Early Mantle Evolution and the Late Veneer – New Perspectives from Highly Siderophile Elements
Wednesday, 16 December 2015
Poster Hall (Moscone South)
Numerous studies show that core – mantle differentiation should have fractionated the highly siderophile elements (HSE) into Earth’s core during its formation, leaving them almost entirely depleted in the mantle. It is widely held that later addition of chondritic material (a.k.a. the “late veneer”) can account for the disparity between modelled and observed HSE concentrations in the upper mantle. Recent experimental data (Médard et al., 2015) indicate that addition of ~0.6 % of the mass of the Earth could re-enrich the mantle HSE budget sufficiently to satisfy these observations.
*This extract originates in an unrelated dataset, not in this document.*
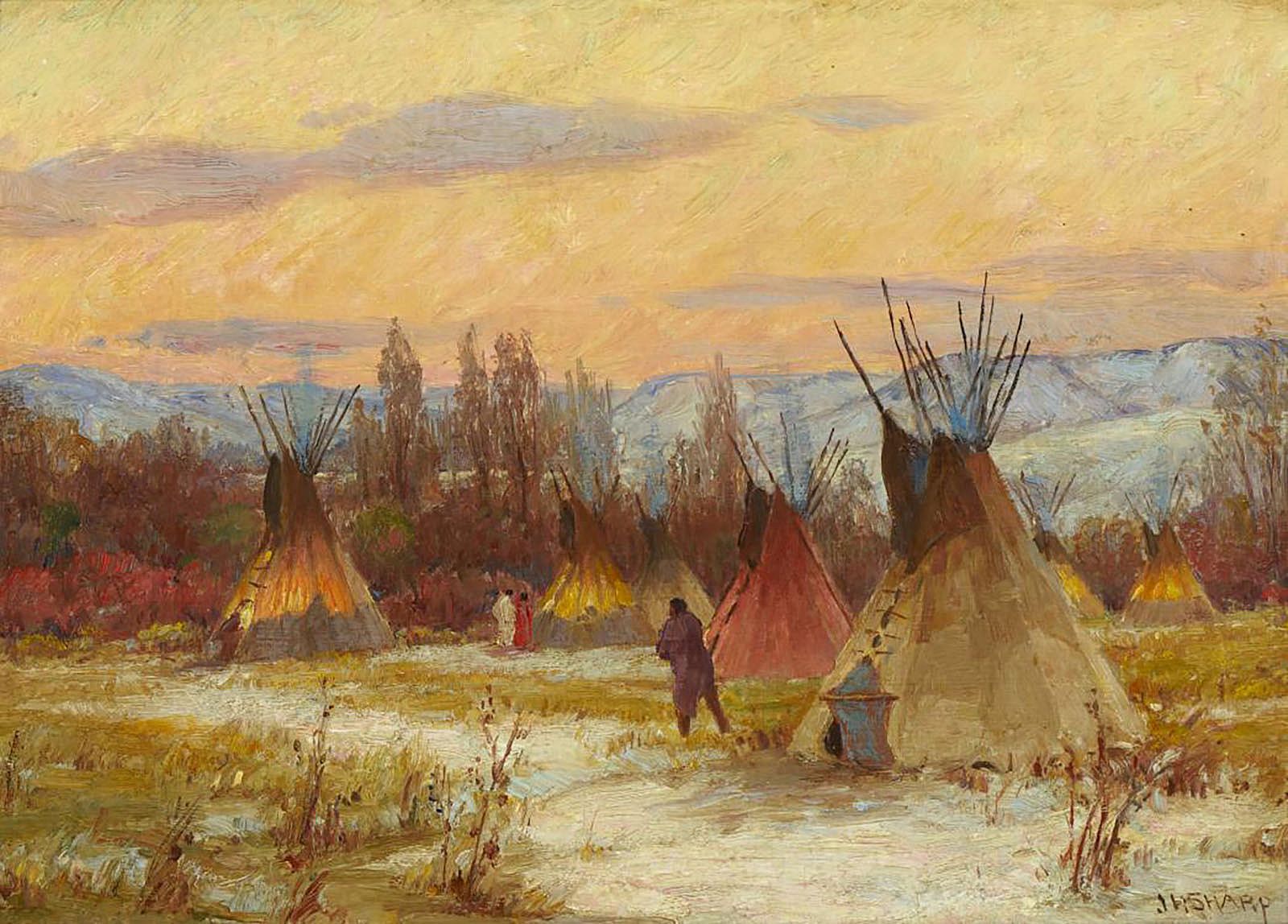 Crow Camp at Evening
However, debate remains strong regarding the absolute timing, duration and nature of the re-enrichment. Chondrite-normalised HSE patterns (Coggon et al., 2015) of massive chromitites from the >3.811 Ga Ujaragssuit nunât layered ultramafic body, Greenland, are strikingly similar in both shape and abundance to the patterns of Phanerozoic chromitites from ultramafic layered intrusions. These data suggest that late veneer re-enrichment had already occurred prior to 3.811 Ga (Bennett et al., 2002; Coggon et al., 2013). Furthermore, Pt-Os model ages for these samples indicate that a late veneer component may have been present in Earth’s mantle as early as 4.1 – 4.3 Ga (Coggon et al., 2013). HSE inter-element ratios demonstrate distinct differences between this chromitite sample suite and younger chromitites from analogous tectonic settings. It remains unclear whether late veneer addition was already complete at 3.82 Ga and how long it took for this material to be accreted and homogenised within the upper mantle. We will address these issues using HSE and Os isotope data from Ujaragssuit nunât, Greenland, and the Singhbum Craton, India.